ワケあり1人目⑧
「ご注文の品を……おや、お連れ様は?」
「先ほど急ぎの用事ができて帰ってしまいました。俺が頂きますので、そのまま下さい」
注文の軽食を持ってきた店員に、クスティデル近衛騎士団長が帰った事を伝え、注文の料理は俺が食べると言うと、店員はホッとしたような表情で料理を置いて去っていく。
そこまで腹が減っているわけではなかったが、とりあえず運ばれてきた軽食に手を伸ばす。

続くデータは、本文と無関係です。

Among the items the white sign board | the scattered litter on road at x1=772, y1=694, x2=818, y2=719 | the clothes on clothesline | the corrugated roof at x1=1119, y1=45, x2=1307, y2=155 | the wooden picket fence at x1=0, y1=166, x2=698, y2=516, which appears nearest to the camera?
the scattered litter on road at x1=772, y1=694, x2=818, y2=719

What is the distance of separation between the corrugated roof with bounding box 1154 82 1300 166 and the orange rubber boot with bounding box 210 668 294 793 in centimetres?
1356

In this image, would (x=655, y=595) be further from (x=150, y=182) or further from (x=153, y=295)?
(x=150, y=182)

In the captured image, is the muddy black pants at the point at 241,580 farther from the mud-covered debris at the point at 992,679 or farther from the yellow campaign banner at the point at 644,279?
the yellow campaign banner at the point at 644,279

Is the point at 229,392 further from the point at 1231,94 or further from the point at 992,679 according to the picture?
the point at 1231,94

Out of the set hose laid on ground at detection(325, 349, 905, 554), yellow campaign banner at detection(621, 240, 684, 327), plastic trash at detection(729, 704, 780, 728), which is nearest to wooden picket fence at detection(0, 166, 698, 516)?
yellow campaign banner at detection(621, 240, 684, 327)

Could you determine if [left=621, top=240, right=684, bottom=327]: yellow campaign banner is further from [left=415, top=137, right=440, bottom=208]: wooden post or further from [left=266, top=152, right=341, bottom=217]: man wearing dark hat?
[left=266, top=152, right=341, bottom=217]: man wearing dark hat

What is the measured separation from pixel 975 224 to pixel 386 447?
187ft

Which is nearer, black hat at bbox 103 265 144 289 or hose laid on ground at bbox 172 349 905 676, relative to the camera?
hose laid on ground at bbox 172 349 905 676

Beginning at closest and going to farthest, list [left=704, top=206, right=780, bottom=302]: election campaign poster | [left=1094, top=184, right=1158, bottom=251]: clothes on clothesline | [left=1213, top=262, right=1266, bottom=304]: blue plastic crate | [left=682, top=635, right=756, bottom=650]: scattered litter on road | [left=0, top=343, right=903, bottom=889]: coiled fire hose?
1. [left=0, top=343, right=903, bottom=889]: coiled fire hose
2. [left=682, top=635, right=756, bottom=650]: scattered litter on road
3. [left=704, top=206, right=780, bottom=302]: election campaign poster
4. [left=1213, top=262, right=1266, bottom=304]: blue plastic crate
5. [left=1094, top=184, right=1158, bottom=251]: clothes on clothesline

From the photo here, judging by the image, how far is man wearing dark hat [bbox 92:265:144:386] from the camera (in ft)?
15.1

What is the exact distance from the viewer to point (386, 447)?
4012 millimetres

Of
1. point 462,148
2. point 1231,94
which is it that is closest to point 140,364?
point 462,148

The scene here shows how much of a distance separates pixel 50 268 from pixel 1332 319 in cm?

カリカリに焼かれたホットサンドを頬張りながら、次に来るであろう来客を待つ。
クスティデル近衛騎士団長は上手く味方に引き込めた。
あとはもう一人がどう動くかで話が変わってくる。
国内をほぼ掌握している公爵家に喧嘩を売るのだ。
保険はいくらかけたっていい。
「まさか、本当にいるとはな……。ダレイス公爵家に、お前が残っていなくて本当に良かった」
俺がホットサンドを食べ終わってからしばし、時間的には昼下がりくらいの時刻だ。
そこに本日2人目の来客が現れた。
「お久しぶりです。まさかここまで早く再会するとは思っていませんでしたが」
対面の椅子に座ったお方に、俺は立ち上がって礼をする。
何を隠そう、今こうして目の前にいるのは、この国の王そのお方だ。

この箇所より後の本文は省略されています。